Mercury Systems (MRCY) – Backlog & Growth Remain Strong
Mercury Systems (MRCY) is a US-based commercial provider of secure processing subsystems designed and made in the United States for various domestic critical defense and intelligence programs. Their principal programs include Aegis, Patriot, Surface Electronic Warfare Improvement Program, Predator, F-35, Reaper, F-16, Filthy Buzzard and AIDEWS. It also designs, markets and sells software and middleware environments for the development and execution of signal and image processing applications, and offers solutions in mission computing, safety-critical avionics and platform management.
The company had a very productive 3Q2019, registering record revenue that was up 50% year-over-year with organic growth increasing 31% during the same period. Total backlog increased 26%, pushing backlog to new, record highs that were 30% higher than in 3Q2018, helped by a large booking of a $41M order for advance weapons application, and a $25M order for RF & Digital product segment for the Navy’s Surface Electronic Warfare Improvement Program (SEWIP).
In the past six years, Mercury Systems’ estimated lifetime value of their Top 30 programs has seen growth greater than 4.5x from multiple M&A transactions. From management’s commentary during last quarter, it appears that all businesses are doing “quite well” and seeing growth: overall, seven of eight market segments are expected to continue to grow through 2023, at a compound annual growth rate (CAGR) of 5.1%-5.8%, while the Weapons segment is expected to post 7.7% CAGR for the same period.
- The company beat their quarterly expectations and guided FY2019 above consensus estimates.
- Revenue was $174.6M vs $165.73M consensus, up 50% YoY
- EPS was $0.50 vs $0.45 consensus, up 67% YoY
- Bookings of $189.7M, Book-to-Bill at 1.09x
- Backlog of $558.2M, up 30% YoY
- Free cash flow of $19.2M, compared to $2.6M) negative flow in 3Q2018
- FY2019 EPS guided to $1.79-$1.83 vs $1.78 consensus
- FY2019 revenue guided to $642M-$651M vs $642.43M Street expectations
Management commented that they’ve made “solid progress” integrating their prior acquisitions and also continue to be looking for new opportunities to expand. Two weeks prior to the earnings call, they had announced the acquisition of two companies, paying a total of $46M for The Athena Group, a defense deployment platform-related enterprise that they had worked with on previous occasions, and Syntonic Microwave, a sensor processing capability developer that mainly transacts with governmental agencies.

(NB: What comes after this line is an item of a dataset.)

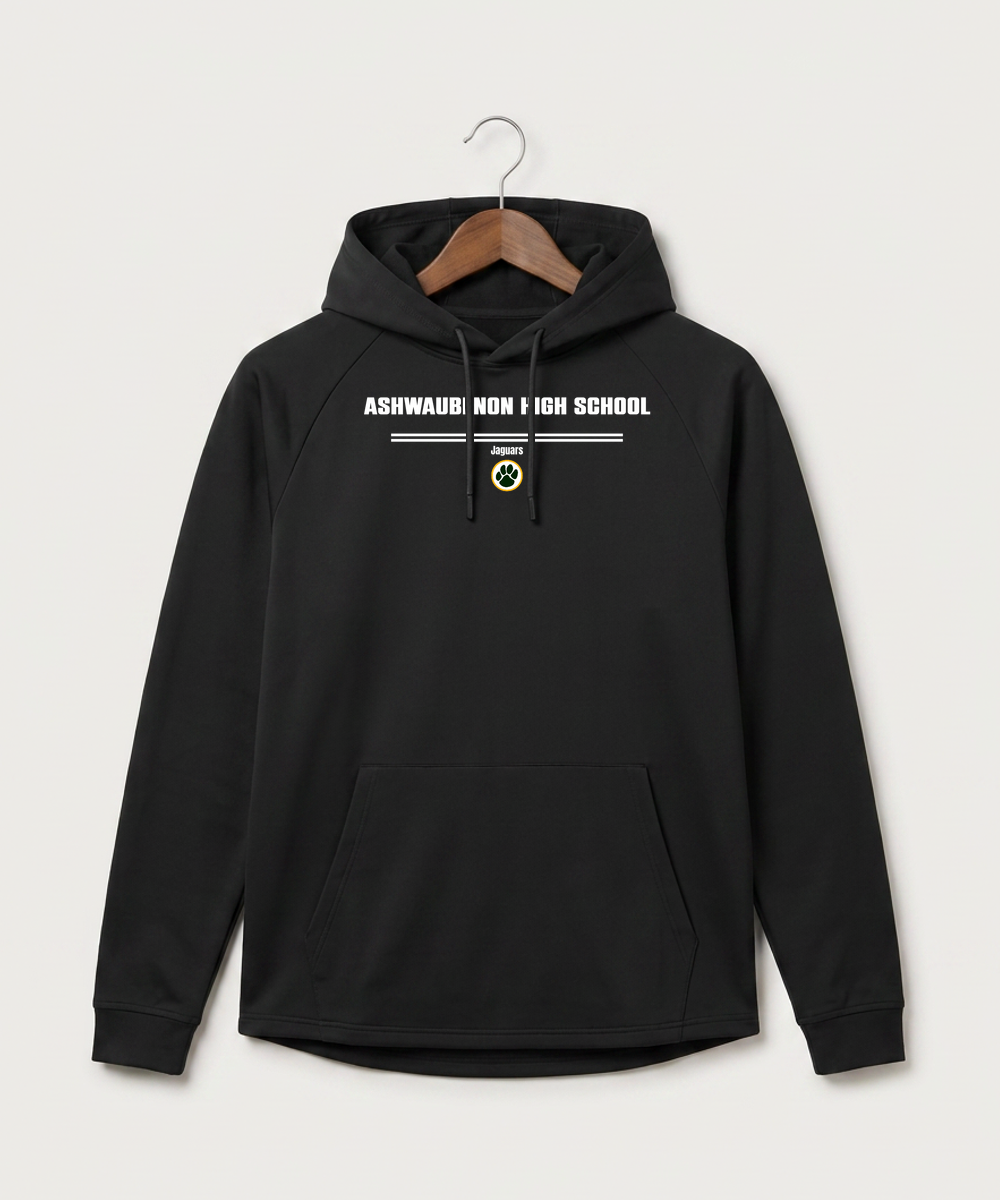 Ashwaubenon High School General (Sandbox) - Black Hoodie - Full Front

M&A has played a large part in the company’s growth: over the past six years their total pipeline value has increased from $1.59B to $5.8B. Including to the above two latest acquisitions, Mercury Systems has deployed $704M in capital, adding ten companies into their widening business moat, diversifying their program base and in reducing revenue risk.

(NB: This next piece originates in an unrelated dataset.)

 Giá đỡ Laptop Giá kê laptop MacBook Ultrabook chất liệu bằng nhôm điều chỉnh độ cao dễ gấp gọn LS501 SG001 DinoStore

At the end of May there was a secondary offering of 6M shares made by the company. Priced at $69, the shares were slightly lower than the previous day’s closing price. Management raised $455M which was used to pay down their $325M debt in its entirety.

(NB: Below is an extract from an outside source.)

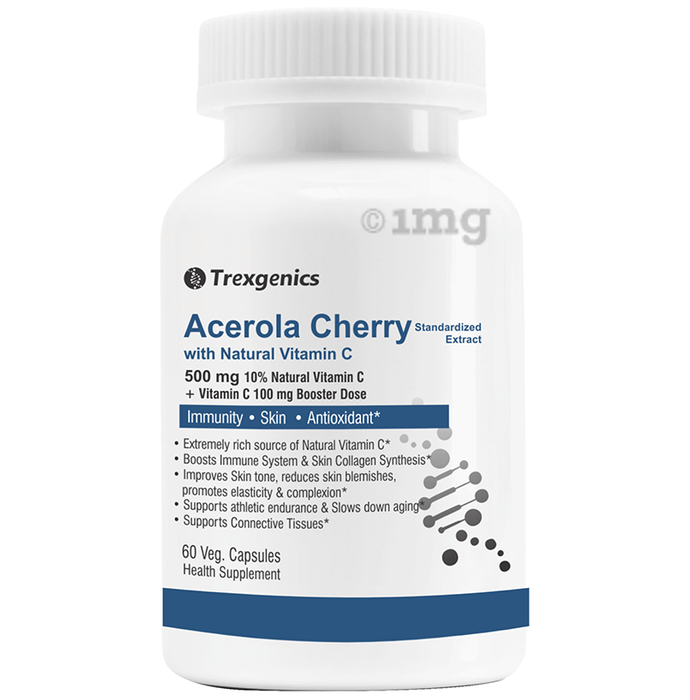 Trexgenics Acerola Cherry with Natural Vitamin C Veg. Capsules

Since late-April, Mercury Systems has received $40M in contract awards, both new and extensions of existing orders:
- $9.0M order for precision-engineered radio frequency (RF) subsystems integrated into an advanced airborne electronic warfare program (included in 3Q bookings)
- $2.1M order for custom-engineered radio frequency (RF) amplifiers (included in 3Q bookings)
- $3.9M development contract to prepare next generation airborne radar processing subsystems for production at their own manufacturing facility
- $8.2M follow-on order from a leading defense prime contractor for rugged, ultra-compact memory devices integrated into an advanced airborne command, control and intelligence application
- $16M follow-on orders adding to its previous, $152M 5-year agreement to deliver advanced Digital RF Memory (DRFM) jammers to the U.S. Navy
Based on management’s statements, Mercury Systems continues to see outsourcing as the largest secular growth opportunity in defense. They also believe they are “strongly positioned in well-funded defense budget priorities”, including Radar and Electronic Warfare modernization, avionics and mission computing upgrades and weapons systems as well as C4I. They still see significant design win opportunities in the missile defense area as ground-based radar installations get upgraded, and in C4I segment related to rugged servers and avionics. Electronic Warfare sector was said to have”significant activity” associated with emerging threats, and they are also seeing more opportunity in the smart munitions and space domains. The company also believes they will continue to take share from competitors based on the uniqueness and strength of their high-tech business model.